In the ICU, my friend washed another friend’s

face with the serum and cream samples

 

they hoarded from Sephora. She sloped

and shaped his eyebrows like calligraphy.

 

The nurses envied his stainless skin,

saintly, like he hadn’t made a perfect O

 

on an imaginary dick to teach me

about efficient blowjobs. When I die

 

I know my friends will be dragged

up in sequins and blush, will cut cake

 

with their contour. But I know death

has always picked my more beautiful

 

loves over me. What a lucky bastard, to burn

a candle in wild fire. To make breath

 

into moan and song. How we learned

hunger and feast from our own fabulous

 

bodies. I don’t know much of anything.

I don’t think as much as do, as much

 

as want and miss and admire. I hope

you have love letters for my friends.

 

I wouldn’t blame you. Those handsome

boys. But I’d say find another messenger

 

because when I see my boys, my girls,

I will kiss them, and perform nothing

 

else, forever, for so long we will be reborn

as trees joined at the trunks, a set of summer

 

winds over sweaty sunbathing hunks, a handful

of hard candies melted into rainbow.

 

 

Cadaver Lab

I figured it’d be months without laughter.
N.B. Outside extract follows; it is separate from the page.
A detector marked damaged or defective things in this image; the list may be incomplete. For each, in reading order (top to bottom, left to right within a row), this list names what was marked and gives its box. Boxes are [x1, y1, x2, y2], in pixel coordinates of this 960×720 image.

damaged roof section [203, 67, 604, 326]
Understandably. On pelvic dissection day

my friend Amelia whispers I’m sorry,

 

girlfriend before starting the saw.

Another friend unknowingly holds

 

his cadaver’s hand during the biggest

incisions. Classmates I don’t even like

point out veins and nerves to spare me

 

hours of inhaling fat and fascia. Then

one group finds a penis pump and we decide

 

yes he meant it as a surprise and the boys

fist bump his cold hands. Another group

shares their cadaver’s perfect pink polish,

 

another has fresh, unwrinkled ink

across her chest. Like tiny treasures

 

for us. Of course no one donates their body

without a sense of humor. Of course the body

is a gift. We admit on dissection days

 

we all leave hungry, specifically for chicken.
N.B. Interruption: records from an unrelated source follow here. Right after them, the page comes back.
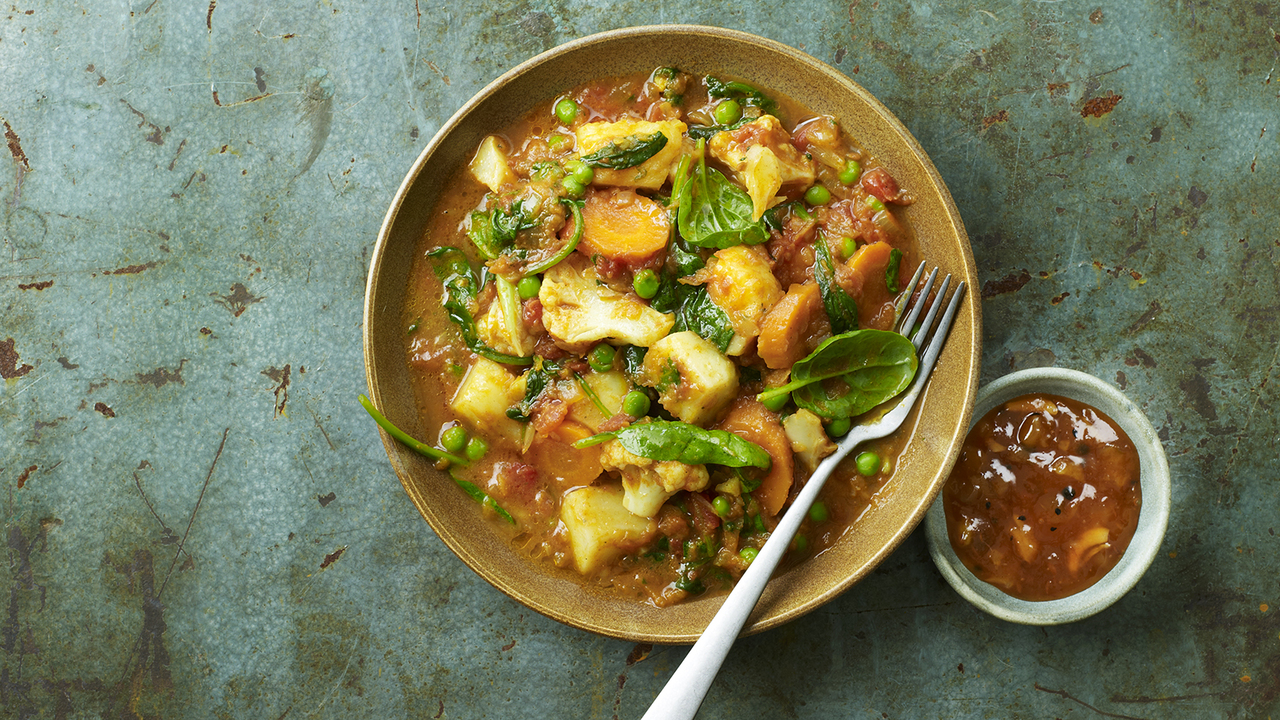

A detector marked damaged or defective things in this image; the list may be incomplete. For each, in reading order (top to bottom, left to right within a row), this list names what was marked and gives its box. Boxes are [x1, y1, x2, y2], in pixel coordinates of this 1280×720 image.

rust spot on metal [1080, 90, 1121, 117]
rust spot on metal [977, 110, 1008, 130]
rust spot on metal [2, 117, 29, 170]
rust spot on metal [211, 281, 263, 315]
rust spot on metal [977, 269, 1029, 297]
rust spot on metal [1126, 302, 1167, 335]
rust spot on metal [0, 338, 33, 379]
rust spot on metal [136, 356, 186, 386]
rust spot on metal [264, 363, 294, 415]
rust spot on metal [325, 545, 350, 568]
rust spot on metal [627, 640, 655, 666]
I booked my calendar with hook-ups

 

as if to practice how the blood flows

while it can. One boy I brought home

had a scar down his sternum, a souvenir

 

of a heart condition. He apologized

years after the incision healed, like the scar

 

didn’t pucker like lips. I imagined the lights

baring on him, how so many lucky

hands got to press against his skin.